On election day the citizens of Michigan dealt a perhaps fatal blow to state-based racial preferences. By a margin of 58 percent to 42 percent they passed Proposal 2 — also known as the Michigan Civil Rights Initiative (MCRI) — thereby banning the use of such preferences in state contracting, hiring and college admissions.

The role of women in general, and various women leaders in particular, in this landmark vote merits discussion.


Inside Higher Ed points out, citing a CNN exit poll of Michigan voters, “that the ban passed because of support from men. Sixty percent of men, but only 47 percent of women said that they backed the ban.” By such indications, most women in Michigan continue to be taken in by the politically correct elites and to reject the principle of equal treatment.


So slickly did the pro-affirmative action troops tar those opposing quotas as outcasts and bigots that many of those who wanted to support MCRI could not summon the courage to do so, and many who in the end backed the proposition would not admit to doing so.

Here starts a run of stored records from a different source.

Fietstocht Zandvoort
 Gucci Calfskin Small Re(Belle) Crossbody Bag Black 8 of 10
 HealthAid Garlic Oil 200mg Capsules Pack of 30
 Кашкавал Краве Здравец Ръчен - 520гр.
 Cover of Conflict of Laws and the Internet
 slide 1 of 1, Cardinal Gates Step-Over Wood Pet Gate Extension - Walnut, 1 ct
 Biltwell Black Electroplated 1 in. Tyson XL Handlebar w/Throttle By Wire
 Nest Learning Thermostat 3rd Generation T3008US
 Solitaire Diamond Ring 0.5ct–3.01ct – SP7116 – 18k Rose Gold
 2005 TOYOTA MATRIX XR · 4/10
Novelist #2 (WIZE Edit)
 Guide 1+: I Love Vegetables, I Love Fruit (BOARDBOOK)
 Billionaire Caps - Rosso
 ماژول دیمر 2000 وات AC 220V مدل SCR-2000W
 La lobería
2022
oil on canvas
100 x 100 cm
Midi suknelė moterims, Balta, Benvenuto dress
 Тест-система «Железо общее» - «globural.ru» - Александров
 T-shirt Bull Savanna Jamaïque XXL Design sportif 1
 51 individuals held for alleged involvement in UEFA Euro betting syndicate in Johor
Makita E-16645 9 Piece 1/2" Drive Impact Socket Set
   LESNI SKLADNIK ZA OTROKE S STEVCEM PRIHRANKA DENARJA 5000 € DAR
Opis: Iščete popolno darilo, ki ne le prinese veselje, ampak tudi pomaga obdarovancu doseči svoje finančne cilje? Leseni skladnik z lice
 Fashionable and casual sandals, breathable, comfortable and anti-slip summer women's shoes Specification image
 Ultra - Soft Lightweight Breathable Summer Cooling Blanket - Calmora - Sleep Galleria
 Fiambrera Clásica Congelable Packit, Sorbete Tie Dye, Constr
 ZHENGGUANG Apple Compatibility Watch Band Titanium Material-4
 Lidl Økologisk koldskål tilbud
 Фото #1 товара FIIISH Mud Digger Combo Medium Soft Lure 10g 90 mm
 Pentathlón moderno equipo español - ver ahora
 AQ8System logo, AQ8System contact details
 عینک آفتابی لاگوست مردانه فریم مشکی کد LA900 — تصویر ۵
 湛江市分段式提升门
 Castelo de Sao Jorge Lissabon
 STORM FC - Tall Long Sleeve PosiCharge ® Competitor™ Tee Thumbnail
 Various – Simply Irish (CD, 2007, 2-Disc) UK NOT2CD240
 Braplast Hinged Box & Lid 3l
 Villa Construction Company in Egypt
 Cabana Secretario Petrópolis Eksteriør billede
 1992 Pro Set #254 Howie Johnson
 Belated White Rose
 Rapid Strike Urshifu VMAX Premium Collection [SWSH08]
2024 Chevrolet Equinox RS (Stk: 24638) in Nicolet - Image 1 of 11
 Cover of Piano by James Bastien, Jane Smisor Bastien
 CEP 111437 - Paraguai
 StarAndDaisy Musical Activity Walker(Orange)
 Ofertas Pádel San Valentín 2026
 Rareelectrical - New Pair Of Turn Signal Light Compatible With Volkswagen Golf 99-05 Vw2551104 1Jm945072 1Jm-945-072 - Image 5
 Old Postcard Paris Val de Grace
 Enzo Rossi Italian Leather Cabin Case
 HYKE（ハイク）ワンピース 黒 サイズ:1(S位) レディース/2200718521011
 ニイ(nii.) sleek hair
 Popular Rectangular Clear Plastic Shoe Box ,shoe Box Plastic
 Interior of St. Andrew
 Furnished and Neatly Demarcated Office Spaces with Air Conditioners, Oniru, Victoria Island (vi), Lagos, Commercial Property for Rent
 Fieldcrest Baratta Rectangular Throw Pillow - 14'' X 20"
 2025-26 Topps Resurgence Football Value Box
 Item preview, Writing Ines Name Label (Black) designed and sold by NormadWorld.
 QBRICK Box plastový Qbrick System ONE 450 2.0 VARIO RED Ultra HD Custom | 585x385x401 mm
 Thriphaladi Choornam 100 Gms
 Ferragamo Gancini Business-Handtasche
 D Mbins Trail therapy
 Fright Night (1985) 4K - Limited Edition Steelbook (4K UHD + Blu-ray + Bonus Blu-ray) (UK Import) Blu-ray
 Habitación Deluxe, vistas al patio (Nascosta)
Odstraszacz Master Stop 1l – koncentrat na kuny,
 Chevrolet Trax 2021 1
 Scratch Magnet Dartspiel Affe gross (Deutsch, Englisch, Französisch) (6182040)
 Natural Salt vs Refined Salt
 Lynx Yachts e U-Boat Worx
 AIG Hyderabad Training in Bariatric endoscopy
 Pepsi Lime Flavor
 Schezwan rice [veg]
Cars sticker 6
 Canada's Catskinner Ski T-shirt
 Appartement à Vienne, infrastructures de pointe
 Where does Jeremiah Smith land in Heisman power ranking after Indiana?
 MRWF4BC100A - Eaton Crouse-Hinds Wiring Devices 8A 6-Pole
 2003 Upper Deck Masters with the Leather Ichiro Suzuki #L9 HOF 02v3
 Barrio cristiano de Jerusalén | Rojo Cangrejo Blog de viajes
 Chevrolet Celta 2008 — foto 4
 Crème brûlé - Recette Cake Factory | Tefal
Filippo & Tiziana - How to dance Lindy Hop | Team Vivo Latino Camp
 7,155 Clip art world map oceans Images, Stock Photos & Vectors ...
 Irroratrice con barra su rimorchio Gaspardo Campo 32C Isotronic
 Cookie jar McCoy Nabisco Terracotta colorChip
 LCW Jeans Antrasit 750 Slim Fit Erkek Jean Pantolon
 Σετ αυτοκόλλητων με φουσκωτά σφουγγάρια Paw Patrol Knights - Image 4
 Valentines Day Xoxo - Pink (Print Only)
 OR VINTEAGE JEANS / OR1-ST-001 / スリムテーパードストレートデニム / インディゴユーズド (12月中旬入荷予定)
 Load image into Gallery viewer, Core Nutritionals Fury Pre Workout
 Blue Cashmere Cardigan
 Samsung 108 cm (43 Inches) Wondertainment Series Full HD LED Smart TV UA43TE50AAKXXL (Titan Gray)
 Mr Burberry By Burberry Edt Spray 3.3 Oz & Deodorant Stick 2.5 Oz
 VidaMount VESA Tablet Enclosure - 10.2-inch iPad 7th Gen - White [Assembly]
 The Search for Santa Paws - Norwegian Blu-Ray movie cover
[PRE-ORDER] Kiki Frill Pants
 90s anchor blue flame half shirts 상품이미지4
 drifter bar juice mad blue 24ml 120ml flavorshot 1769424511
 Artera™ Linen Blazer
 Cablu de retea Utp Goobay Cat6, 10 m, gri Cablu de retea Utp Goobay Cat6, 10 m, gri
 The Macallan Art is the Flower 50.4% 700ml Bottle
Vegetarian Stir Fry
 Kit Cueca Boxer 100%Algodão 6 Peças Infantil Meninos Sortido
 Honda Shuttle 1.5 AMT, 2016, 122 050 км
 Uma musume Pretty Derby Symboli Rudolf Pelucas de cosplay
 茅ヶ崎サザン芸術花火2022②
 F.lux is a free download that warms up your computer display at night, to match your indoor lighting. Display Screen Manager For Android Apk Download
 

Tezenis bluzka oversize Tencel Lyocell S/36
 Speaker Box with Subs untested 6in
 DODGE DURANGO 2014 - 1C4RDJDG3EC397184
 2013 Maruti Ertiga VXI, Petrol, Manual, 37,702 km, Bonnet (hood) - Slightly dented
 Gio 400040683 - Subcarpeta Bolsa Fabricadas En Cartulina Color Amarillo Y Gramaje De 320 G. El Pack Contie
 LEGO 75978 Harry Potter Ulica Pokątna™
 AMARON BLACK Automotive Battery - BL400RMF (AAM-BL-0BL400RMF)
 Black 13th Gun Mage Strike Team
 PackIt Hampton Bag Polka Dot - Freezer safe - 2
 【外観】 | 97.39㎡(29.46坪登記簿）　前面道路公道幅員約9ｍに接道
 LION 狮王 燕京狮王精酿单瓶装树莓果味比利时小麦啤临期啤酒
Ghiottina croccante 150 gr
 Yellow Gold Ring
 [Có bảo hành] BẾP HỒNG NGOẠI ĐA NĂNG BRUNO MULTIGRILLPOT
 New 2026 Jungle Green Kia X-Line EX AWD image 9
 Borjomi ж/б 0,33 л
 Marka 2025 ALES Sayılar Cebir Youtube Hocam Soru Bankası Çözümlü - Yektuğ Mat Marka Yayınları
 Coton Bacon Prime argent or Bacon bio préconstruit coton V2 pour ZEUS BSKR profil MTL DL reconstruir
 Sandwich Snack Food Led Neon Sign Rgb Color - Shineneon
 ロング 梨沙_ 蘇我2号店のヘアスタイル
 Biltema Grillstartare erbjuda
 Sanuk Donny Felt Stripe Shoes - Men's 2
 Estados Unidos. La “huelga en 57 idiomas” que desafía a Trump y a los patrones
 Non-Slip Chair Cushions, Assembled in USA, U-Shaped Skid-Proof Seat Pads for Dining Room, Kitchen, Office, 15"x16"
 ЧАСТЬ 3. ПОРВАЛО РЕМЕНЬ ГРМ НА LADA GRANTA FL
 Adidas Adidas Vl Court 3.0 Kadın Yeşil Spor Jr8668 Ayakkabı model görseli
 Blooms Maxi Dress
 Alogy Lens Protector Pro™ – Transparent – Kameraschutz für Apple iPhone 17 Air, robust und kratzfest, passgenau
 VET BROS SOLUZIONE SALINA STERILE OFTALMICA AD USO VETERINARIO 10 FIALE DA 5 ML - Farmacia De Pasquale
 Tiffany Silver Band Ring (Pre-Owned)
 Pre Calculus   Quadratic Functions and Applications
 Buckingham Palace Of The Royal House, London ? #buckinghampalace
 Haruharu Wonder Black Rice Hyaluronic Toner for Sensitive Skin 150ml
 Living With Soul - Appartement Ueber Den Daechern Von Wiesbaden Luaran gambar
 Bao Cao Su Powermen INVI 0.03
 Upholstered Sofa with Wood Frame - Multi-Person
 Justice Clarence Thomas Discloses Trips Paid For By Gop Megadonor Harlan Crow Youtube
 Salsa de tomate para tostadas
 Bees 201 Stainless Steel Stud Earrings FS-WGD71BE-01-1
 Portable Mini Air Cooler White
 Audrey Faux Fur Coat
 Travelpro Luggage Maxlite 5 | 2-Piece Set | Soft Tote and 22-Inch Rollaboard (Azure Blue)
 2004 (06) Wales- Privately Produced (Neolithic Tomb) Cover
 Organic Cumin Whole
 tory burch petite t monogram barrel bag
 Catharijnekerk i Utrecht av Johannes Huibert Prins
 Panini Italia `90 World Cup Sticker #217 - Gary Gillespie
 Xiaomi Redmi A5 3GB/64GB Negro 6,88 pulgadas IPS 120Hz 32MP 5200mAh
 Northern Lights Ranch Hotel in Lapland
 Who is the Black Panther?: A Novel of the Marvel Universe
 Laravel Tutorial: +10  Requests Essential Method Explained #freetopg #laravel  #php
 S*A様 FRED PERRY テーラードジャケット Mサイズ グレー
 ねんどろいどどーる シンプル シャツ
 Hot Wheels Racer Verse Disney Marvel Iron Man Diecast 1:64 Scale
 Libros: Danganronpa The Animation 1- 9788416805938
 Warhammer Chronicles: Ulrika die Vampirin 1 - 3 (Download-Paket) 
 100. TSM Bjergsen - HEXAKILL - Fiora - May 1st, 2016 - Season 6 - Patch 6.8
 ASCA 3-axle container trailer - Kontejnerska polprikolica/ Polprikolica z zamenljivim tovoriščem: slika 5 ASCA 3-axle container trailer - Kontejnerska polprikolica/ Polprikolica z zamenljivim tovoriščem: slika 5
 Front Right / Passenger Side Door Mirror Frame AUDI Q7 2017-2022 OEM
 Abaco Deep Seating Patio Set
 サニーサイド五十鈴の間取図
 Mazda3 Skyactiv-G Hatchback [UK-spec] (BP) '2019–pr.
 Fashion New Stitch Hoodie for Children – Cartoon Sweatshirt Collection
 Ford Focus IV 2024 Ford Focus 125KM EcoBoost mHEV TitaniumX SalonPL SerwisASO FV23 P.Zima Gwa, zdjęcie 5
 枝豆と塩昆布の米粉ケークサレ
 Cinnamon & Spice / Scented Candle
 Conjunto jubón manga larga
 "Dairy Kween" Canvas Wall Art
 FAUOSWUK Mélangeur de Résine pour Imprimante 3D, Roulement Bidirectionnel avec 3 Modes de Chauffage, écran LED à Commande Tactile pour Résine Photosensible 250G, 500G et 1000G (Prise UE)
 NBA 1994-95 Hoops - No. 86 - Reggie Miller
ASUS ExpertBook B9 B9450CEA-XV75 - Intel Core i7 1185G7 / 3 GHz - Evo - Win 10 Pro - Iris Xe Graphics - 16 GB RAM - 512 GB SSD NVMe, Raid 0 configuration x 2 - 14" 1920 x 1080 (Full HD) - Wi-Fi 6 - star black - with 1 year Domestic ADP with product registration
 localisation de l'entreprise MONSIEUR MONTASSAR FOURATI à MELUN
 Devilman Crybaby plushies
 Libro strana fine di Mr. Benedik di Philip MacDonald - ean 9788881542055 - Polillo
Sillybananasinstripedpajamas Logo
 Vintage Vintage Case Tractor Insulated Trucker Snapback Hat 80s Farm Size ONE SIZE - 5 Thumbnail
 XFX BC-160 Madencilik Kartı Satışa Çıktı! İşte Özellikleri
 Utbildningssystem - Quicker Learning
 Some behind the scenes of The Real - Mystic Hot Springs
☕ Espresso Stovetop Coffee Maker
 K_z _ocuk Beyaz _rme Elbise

In an interview before the vote with Harry Stein in the City Journal, an exasperated Jennifer Gratz, the MCRI’s executive director and the former lead plaintiff in a landmark affirmative-action lawsuit against the University of Michigan, said, “There’s just this fear of standing up and doing the right thing.” The heroic Gratz, who in filing the suit claimed to have been discriminated against on the basis of race at the university, confided, “I can’t tell you how many people have whispered in my ear, ‘I’m with you, but I can’t say anything publicly.'” So much for civic bravery.


A main tactic on the part of the pro-affirmative action forces was to barrage women with the claim that their interests would be harmed by doing away with preferences. For example, Patricia Gurin, a women’s studies professor at the University of Michigan, had argued vigorously in the past that racial preferences are a compelling governmental interest. As I noted prior to the vote, Gurin revived her argument in the MCRI struggle, and John Rosenberg argued back — persuasively, in my view — against her position: 


She’s at it again — arguing that passing the Michigan Civil Rights Initiative (MCRI)would be bad for (you guessed it) women. So, despite (or because of) how much her work is a waste product of the “diversity” debate, it is unfortunately necessary to perform Gurinanalysis once again.


The day after the vote Mary Sue Coleman, president of the University of Michigan, took to her bully pulpit to reprimand Michigan’s backward voters and threatened a lawsuit to nullify the result. “Diversity matters at Michigan,” she grandstanded before a screaming crowd of hundreds of student and faculty protesters in Ann Arbor. “It matters today, and it will matter tomorrow.” She announced as well that she has “directed our General Counsel to consider every legal option available to us.” Thomas Bray, writing in The New York Sun, criticized Coleman for her condescending and contemptuous response:


In other words, to paraphrase a politician from another, unlamented era, “preferences today, preferences tomorrow, preferences forever.” Moreover, the university may now go to the breathtakingly arrogant extreme of using taxpayer funds to try to undo what the taxpayers and voters approved by a landslide margin. The people, damn them!


As Bray also remarks, Coleman’s tirade should make parents shudder to imagine what their “children are being taught when prominent schools like the University of Michigan show such contempt for the voters and the democratic process.”


Moreover, there is the question of whether prominent leaders such as Coleman and Gurin acted in good faith in the struggle over MCR. What accounts for their obdurate refusal to acknowledge and communicate the hard facts about the destructive failure of affirmative action policies? Peter Kiranow in the National Review elaborates:


Perhaps twenty years ago academic elites could hide behind the veil of uninformed good intentions to justify racial preferences; today, hard evidence continues to mount demonstrating that racial preferences have a devastating impact on preferred minorities — because of the mismatch effect caused by affirmative action (i.e., under-qualified minorities being admitted to schools at which they have difficulty competing) — black law students flunk out at two-and-a-half times the rate of whites and are six times less likely to pass the bar, [and,] half of black law students never become lawyers, academic elitesalso fail to tell Asian students that many, if not most, admissions offices discriminate against Asian applicants in a manner resembling the Jewish quotas of the 1950s. How many Asian students know that their odds of being admitted at selective schools are 200 times worse than those of a similarly qualified black or Hispanic applicant?


Women were a vital, indeed potentially determining, force in this watershed vote. There is a need to analyze why in this and other instances they come down on the side of discriminatory practices dangerous to this democracy.


The lesson in the case of the MCRI battle? Women need to speak up for equal treatment of all.